--- GIVEN RECORDS Enclosed Below ---

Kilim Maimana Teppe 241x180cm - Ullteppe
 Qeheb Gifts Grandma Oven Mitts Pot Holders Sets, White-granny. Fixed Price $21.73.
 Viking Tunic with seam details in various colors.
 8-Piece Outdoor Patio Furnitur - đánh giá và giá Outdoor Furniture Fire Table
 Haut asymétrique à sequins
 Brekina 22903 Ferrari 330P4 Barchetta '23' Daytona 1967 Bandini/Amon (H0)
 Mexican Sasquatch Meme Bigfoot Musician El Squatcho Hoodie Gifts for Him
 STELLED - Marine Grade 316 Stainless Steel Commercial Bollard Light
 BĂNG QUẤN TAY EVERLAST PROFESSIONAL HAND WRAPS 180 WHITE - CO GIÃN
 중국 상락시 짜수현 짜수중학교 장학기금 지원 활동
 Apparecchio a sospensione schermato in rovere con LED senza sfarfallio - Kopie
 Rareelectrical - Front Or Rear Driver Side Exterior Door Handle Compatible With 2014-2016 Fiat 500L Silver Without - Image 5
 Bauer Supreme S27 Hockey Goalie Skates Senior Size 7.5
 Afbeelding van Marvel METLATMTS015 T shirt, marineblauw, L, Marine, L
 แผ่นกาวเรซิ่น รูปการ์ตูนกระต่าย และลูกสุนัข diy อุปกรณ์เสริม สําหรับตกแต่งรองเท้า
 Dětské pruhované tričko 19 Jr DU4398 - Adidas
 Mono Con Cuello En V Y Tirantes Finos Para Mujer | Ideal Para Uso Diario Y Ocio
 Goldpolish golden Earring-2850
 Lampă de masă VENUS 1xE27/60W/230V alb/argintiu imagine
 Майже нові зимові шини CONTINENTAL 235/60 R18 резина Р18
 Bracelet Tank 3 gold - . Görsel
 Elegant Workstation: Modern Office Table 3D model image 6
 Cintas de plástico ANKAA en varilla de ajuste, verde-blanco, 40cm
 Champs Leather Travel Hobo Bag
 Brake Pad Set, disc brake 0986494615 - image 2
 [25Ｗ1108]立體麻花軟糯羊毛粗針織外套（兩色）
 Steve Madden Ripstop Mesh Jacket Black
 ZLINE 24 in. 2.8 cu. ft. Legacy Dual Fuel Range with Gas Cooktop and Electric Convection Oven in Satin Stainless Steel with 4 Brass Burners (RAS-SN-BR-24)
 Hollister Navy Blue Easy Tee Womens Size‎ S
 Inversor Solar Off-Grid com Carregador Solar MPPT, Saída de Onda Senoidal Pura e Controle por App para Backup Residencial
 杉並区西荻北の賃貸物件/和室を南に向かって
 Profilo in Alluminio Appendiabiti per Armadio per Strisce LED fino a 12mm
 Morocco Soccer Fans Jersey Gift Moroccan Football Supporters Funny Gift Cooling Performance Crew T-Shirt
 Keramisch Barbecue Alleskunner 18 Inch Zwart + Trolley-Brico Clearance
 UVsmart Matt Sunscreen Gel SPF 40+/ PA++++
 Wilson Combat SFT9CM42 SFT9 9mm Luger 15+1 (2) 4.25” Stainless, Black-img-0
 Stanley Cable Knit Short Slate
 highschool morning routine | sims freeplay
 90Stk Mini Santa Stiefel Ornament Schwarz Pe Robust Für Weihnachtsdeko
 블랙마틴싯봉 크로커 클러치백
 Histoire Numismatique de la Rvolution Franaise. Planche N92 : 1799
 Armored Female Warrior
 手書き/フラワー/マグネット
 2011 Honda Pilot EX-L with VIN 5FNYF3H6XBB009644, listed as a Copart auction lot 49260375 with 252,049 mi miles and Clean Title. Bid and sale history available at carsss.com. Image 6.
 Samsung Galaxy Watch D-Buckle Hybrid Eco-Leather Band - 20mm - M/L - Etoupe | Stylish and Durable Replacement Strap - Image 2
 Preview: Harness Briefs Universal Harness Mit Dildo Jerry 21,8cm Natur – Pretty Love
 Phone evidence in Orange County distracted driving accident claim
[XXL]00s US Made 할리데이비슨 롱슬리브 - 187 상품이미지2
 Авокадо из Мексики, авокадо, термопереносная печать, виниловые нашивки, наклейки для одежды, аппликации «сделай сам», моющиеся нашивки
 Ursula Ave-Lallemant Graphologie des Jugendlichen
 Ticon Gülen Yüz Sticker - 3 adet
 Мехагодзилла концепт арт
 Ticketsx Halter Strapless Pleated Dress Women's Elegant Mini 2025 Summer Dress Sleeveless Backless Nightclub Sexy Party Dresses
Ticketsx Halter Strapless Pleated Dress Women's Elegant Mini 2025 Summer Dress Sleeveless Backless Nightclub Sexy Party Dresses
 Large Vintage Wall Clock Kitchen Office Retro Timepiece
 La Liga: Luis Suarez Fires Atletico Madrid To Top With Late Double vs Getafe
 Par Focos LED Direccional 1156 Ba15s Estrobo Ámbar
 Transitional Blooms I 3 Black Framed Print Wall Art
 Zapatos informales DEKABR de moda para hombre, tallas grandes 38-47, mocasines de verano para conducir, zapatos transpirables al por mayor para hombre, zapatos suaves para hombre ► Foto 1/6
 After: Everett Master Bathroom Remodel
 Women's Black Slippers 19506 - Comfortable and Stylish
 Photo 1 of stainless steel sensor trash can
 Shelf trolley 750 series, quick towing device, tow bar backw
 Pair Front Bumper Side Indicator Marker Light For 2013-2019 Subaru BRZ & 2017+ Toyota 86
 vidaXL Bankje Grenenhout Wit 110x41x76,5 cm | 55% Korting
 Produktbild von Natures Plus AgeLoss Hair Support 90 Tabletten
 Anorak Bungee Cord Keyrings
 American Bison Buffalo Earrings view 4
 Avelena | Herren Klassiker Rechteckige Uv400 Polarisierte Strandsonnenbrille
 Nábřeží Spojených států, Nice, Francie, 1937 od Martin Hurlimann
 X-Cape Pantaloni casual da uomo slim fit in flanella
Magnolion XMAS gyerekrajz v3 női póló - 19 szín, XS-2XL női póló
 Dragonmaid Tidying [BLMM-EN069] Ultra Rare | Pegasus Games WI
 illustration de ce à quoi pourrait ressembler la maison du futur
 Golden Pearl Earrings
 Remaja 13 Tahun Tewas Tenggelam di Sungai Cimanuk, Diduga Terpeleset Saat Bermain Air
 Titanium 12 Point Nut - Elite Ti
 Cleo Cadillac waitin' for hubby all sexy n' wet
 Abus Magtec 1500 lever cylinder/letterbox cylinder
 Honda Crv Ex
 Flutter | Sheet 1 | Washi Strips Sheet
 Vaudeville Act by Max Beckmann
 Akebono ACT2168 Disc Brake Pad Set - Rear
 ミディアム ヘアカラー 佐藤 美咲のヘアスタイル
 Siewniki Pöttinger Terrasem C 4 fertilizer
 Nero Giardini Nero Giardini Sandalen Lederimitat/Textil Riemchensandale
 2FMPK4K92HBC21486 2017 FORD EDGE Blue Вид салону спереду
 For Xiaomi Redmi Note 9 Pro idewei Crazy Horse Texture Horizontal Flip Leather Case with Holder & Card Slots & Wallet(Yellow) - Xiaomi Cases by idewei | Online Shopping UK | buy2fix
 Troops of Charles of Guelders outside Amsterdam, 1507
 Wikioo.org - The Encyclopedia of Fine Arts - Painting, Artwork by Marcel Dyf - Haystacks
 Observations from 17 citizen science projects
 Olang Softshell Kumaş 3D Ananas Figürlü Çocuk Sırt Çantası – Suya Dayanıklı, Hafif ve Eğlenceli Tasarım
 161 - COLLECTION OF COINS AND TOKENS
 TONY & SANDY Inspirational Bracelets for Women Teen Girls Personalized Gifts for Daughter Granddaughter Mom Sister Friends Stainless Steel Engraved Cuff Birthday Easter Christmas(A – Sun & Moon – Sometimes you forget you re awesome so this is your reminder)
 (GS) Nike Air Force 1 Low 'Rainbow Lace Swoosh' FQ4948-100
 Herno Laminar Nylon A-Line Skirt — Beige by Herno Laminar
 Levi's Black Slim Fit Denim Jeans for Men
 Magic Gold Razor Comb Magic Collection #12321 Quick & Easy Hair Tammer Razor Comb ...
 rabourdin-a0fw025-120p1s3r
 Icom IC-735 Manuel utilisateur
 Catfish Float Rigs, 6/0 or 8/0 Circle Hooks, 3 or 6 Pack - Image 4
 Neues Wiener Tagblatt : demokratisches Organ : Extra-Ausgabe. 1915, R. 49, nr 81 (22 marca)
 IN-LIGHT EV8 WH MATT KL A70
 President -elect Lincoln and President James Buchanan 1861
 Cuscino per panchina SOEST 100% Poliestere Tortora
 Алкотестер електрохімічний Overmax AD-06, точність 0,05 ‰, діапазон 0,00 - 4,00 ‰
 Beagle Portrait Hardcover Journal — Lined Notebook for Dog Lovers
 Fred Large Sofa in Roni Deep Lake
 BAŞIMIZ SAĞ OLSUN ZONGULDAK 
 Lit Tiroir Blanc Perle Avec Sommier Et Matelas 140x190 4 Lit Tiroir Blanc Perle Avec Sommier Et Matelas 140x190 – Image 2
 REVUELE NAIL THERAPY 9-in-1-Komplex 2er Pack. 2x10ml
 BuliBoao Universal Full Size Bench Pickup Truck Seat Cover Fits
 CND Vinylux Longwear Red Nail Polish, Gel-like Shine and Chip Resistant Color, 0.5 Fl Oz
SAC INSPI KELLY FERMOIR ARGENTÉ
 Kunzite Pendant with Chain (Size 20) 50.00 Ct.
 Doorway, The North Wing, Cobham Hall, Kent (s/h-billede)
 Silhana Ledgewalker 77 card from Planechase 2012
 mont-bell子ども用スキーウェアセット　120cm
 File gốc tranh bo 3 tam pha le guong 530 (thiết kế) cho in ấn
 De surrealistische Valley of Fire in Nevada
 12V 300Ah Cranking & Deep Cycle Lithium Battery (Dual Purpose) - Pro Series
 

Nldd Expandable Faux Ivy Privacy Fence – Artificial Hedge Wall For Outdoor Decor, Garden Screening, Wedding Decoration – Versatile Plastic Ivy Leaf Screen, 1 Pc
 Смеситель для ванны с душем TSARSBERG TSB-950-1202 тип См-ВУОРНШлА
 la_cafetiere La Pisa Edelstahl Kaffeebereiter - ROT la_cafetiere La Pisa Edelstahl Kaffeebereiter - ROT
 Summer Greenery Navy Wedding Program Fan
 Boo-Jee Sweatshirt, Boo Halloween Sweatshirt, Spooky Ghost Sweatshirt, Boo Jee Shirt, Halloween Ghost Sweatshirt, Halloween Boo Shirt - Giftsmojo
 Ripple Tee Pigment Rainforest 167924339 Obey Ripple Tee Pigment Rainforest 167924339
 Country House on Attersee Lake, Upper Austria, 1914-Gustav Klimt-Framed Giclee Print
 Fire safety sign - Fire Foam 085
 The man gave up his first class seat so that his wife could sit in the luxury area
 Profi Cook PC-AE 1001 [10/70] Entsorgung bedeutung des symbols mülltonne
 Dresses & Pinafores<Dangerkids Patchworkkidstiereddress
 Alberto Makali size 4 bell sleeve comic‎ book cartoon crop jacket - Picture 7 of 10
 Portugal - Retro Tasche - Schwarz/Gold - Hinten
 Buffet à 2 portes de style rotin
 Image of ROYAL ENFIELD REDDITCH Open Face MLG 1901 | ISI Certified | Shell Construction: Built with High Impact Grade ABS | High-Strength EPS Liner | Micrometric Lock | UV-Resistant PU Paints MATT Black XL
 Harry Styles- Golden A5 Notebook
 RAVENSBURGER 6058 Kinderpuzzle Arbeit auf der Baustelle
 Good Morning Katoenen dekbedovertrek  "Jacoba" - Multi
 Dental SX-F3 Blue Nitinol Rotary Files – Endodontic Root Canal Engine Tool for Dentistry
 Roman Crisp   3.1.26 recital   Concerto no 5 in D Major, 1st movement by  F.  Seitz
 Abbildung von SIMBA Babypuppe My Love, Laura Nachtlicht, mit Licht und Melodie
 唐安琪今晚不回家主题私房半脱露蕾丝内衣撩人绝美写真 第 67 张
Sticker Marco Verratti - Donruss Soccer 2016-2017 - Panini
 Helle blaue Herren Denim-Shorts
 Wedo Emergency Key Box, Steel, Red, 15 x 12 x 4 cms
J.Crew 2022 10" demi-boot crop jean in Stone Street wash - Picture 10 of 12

--- End of Enclosed GIVEN RECORDS ---

WHAT YOU HAVE TO DO:
Return only the lines between the one holding "Transitional Blooms I" and the one holding "After: Everett Master Bathroom Remodel", inclusive, exactly as they appear above.

FINISHED EXERCISE:
 Transitional Blooms I 3 Black Framed Print Wall Art
 Zapatos informales DEKABR de moda para hombre, tallas grandes 38-47, mocasines de verano para conducir, zapatos transpirables al por mayor para hombre, zapatos suaves para hombre ► Foto 1/6
 After: Everett Master Bathroom Remodel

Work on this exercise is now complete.